Required work: Every single entry needs to appear again exactly as given.

Data:
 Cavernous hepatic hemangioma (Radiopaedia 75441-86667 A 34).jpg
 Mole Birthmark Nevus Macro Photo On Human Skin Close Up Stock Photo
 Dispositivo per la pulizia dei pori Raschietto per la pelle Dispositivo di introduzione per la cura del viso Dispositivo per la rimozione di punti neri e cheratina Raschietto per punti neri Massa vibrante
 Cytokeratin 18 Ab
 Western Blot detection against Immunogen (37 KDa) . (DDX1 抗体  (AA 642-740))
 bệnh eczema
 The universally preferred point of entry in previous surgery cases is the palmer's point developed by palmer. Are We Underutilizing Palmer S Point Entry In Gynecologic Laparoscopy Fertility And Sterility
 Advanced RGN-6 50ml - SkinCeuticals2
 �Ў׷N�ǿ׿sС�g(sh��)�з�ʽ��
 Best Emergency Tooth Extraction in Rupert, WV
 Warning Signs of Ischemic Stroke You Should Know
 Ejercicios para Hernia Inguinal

Answer section:
 Cavernous hepatic hemangioma (Radiopaedia 75441-86667 A 34).jpg
 Mole Birthmark Nevus Macro Photo On Human Skin Close Up Stock Photo
 Dispositivo per la pulizia dei pori Raschietto per la pelle Dispositivo di introduzione per la cura del viso Dispositivo per la rimozione di punti neri e cheratina Raschietto per punti neri Massa vibrante
 Cytokeratin 18 Ab
 Western Blot detection against Immunogen (37 KDa) . (DDX1 抗体  (AA 642-740))
 bệnh eczema
 The universally preferred point of entry in previous surgery cases is the palmer's point developed by palmer. Are We Underutilizing Palmer S Point Entry In Gynecologic Laparoscopy Fertility And Sterility
 Advanced RGN-6 50ml - SkinCeuticals2
 �Ў׷N�ǿ׿sС�g(sh��)�з�ʽ��
 Best Emergency Tooth Extraction in Rupert, WV
 Warning Signs of Ischemic Stroke You Should Know
 Ejercicios para Hernia Inguinal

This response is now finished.